Key Experimental Results¶
Main Results¶
6-party, 5-issue sports facility construction negotiation scenario (averaged over 500 experiments):
| Method | FAR (Full Agreement Rate) | PAR (Partial Agreement Rate) | LAR (Latent Agreement Rate) |
|---|---|---|---|
| Base-LLM | 0.37 | 0.76 | 0.97 |
| Base-OM (all) | 0.56 | 0.92 | 0.99 |
| LLM-PE (all) | 0.32 | 0.69 | 0.93 |
| Proposed (all) | 0.62 | 0.89 | 0.98 |
Ablation Study¶
| Method | Preference Estimation MSE (Avg) | Notes |
|---|---|---|
| Proposed | 159 | Language + numerical fusion |
| Base-OM | 189 | Numerical bids only |
| LLM-PE | 163 | Direct LLM inference |
Key Findings¶
- Mutual modeling (all) substantially outperforms one-sided modeling (p1) (FAR 0.46→0.62), demonstrating multi-party synergy effects.

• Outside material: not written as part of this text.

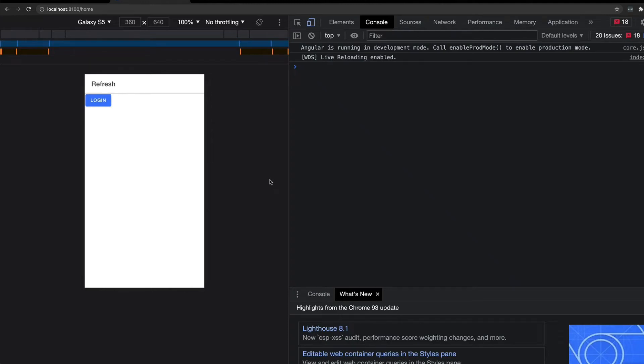I've been using test-driven development with Cypress and Jest to build out an Ionic, Angular and Firebase application. One of the first bits of functionality I created for the application was this basic login process.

- Direct LLM-PE inference underperforms the purely numerical baseline (FAR 0.32 < 0.56), validating the necessity of a structured framework.
- Integrating linguistic signals reduces MSE from 189 to 159, yielding more accurate and balanced estimate distributions.
Highlights & Insights¶
- The hybrid paradigm of "LLM extraction + Bayesian inference" is highly instructive — it leverages the semantic capabilities of LLMs without relying on their reasoning consistency, using a mathematical framework to ensure structured updates.
- The elegant application of the Luce choice axiom naturally maps preference weights to selection probabilities, providing theoretical grounding for the conversion from linguistic signals to likelihood functions.
Limitations & Future Work¶
- The method assumes opponents communicate sincerely and does not account for deception or bluffing.
- Evaluation is conducted in a single scenario; generalizability to diverse settings remains to be tested.
- The hypothesis space grows factorially with the number of issues, necessitating approximation algorithms.
Related Work & Insights¶
- vs. Base-LLM: Pure LLM-based negotiation lacks structured preference tracking, leading to strategic inconsistency in prolonged negotiations.
- vs. LLM-PE: Direct LLM inference of numerical preferences is unreliable (FAR of only 0.32), underscoring the need for a probabilistic framework as a constraint.
Rating¶
- Novelty: ⭐⭐⭐⭐ The fusion of linguistic signals with a Bayesian framework is an original contribution.
- Experimental Thoroughness: ⭐⭐⭐ Limited to a single scenario with 500 experiments; scenario diversity is insufficient.
- Writing Quality: ⭐⭐⭐⭐ Formalization is clear and illustrations are intuitive.
- Value: ⭐⭐⭐⭐ Provides a valuable paradigm for applying LLMs in structured decision-making.